Justin Tolman: Episode five, and we’re already doing a sequel. We’re taking another look at optimizing our processing in FTK Feature Focus.
Welcome back. This is episode five of Feature Focus. I’m Justin Tolman. I’m the Director of Training over North America for AccessData, which is an Exterro company. It’s a new name, but the same great software.
And today we’re taking a deeper look at optimizing our processing options. That was not originally scheduled today, but a topic came up through the support portal. And I think there’s more that we can talk about — some concrete examples and some ways that we can talk about — reducing the amount of time, and getting to that evidence quicker. Let’s get into it.
All right. So from our support chat, this issue was brought up through there, and a discussion evolved. So what the user says is: I uploaded several outlook PST files on Friday, and the status still says ‘processing.’
They uploaded multiple PST files. So each PST file is 10 gigabytes in size, for a total of 100 gigabytes of data. Would this size cause it to hang? So first off, FTK isn’t hanging in this case, it is still processing. There’s a large amount of data and it’s going to take a lot of time to chunk through it. And so let’s talk a little bit about that.
So the first question you’re probably asking is, wait, isn’t this FTK Feature Focus? And the question is yes, but the same concepts can apply. And so I think this will apply to FTK in the way that we process our evidence. And so specifically, what we’re going to look at is email today.
So first off, what is our objective again? Our objective is to determine if there’s any evidence, if we need to go through. So in this case, a recommendation may be — and remember, this is just a general recommendation — your policies, procedures, laws, yada yada, yada will of course apply.
So our recommendation may be to load the PST related to the primary individual of the investigation, if there is such. If they are all to one individual, then maybe start with the PST that is most recent or closest to the time of the event that you’re investigating. This would be advised if you’re going to run a lot of processing options on them, okay? Because 10 gigabytes alone, and I know we’ve got more, but 10 gigabytes is a lot of email. So if we do a math on the 100 gigabytes of data — and email sizes vary and are kind of all over the place — but if we picked a round number of say, 200 kilobytes per email, that’s going to round out to about 500,000 emails that we could have in there, give or take a couple thousand, right? Depending on attachments and all that. So, that is a lot of text data that you’re going to be processing that it’s got to go through. So we want to try to optimize that if we can.
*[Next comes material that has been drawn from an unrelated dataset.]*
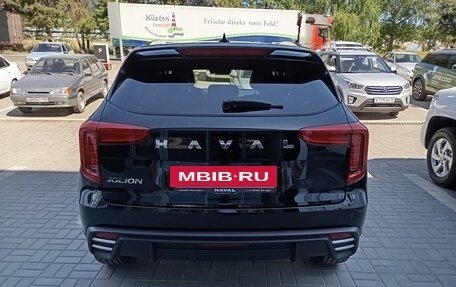 Haval Jolion, 2025 год, 2 649 000 рублей, 3 фотография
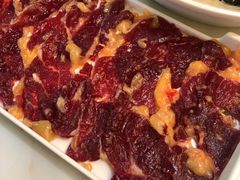 吊龙-潮汕大目牛肉火锅(上梅林店)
Let’s address this question head on first from the e-discovery processing profile within FTK. That processing profile is shown here on this screen, and we can see what we would get if we loaded in 100 gigabytes of data, and we just chose the default, the ediscovery default, and pushed it through. So first off we have the MD5 hash and flag duplicate files. And this is a common work flow when working with emails, as you want to reduce those duplicate emails and files, et cetera.
Now remember, MD5 hashing, you’re going to be hashing all the files. So if we go with our 100 gigabytes, approximately 500,000 emails, that’s a lot. And there are a lot of small files. So it’s starting and stopping that process quite a bit.
Hold up. So, one thing I noticed when I was editing here is, in the ediscovery software default options, there’s actually a small change, in that the known file filter is also enabled for deduplicating actual files. So that’s also another thing where it’s got to process and run the KFF engine as well. That’s going to increase time if you’re on the ediscovery side, if you were to enable that here, it would do the same thing, but by default on the FTK side, it’s not enabled.
Alright, back to… and then we’re going to flag duplicate files. So on top of that, we’re comparing that hash.
We also have various expansion options selected here in the expand compound files, PSTs, archives, various office documents and PDFs, those types of things. Things that you may need, things that are commonly attachments, those types of things. So that’s fine. We’re going to flag bad extensions. Okay.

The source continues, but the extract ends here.